From a nutritional standpoint, I’m guessing that the one-pot cakes are less politically correct, generally containing butter and eggs as the foundation. On the other hand, they do not include propylene glycol, diesters, sodium-stearoyl lactylate, artificial flavors, or xanthan gum, which is definitely a plus in my book.

The mix was almost infinitely faster and easier to prepare: it took less than 5 minutes to mix the water, vegetable oil, eggs, and cake mix, and to get it into the pan — the oven wasn’t near warmed up when the batter was ready. It took me at least 20 minutes to prepare the one-pot cake. That may have been partly the result of my unfamiliarity with the unusual mixing process, but even if I were up to speed, it would take 15 minutes.

Beyond my own experiments, there is great variety in the recipes in this book, with sections on chocolate cakes, coffee cakes, cupcakes, flourless cakes, fruit & vegetable cakes, and sheet cakes. There are 10 simple icing recipes, as well. There are no photos (and a particularly uninspiring one on the cover). The recipes are almost all in a convenient one-to-a-page format. The instructions are clear and simple. The ingredients called for are easily obtainable.

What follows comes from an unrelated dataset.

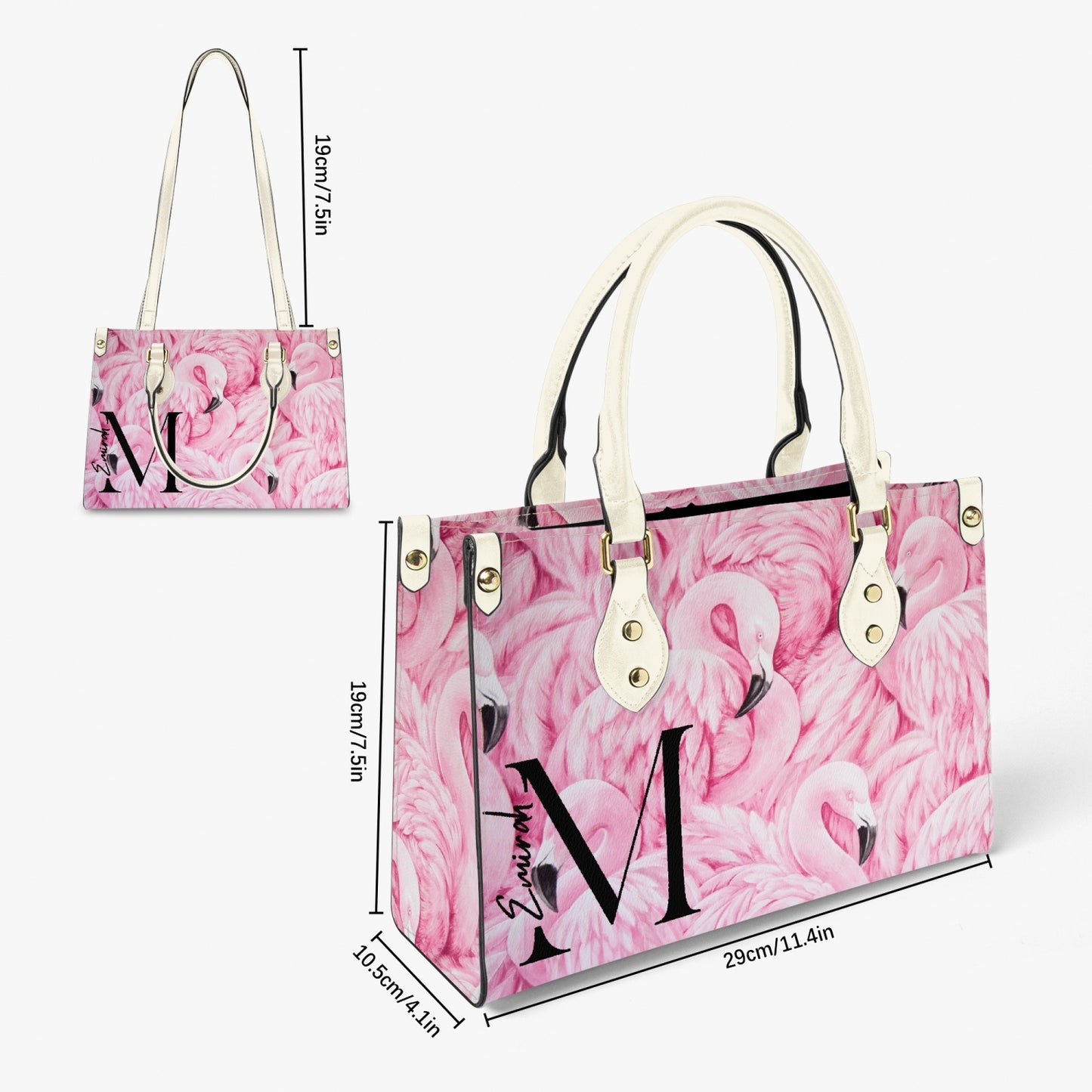 EMIRAH MARYIE PINK FLAMINGO PURSE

One-Pot Cakes aims to bridge the great gulf between cakes made from scratch and those from a mix. It succeeds in some areas and falls short in others. In general, it will produce superior tasting cakes — which is a pretty important consideration. For me, though, the number of dishes I use is not nearly as important as the time it takes to prepare the recipe and its overall complexity. In this category, One-Pot Cakes falls short. The recipes are not particularly complicated, but assembling and mixing ingredients is always going to take more time than opening a box and cracking a few eggs. And while you might save a bit of time over making a traditional cake from scratch, the price in somewhat less flavor.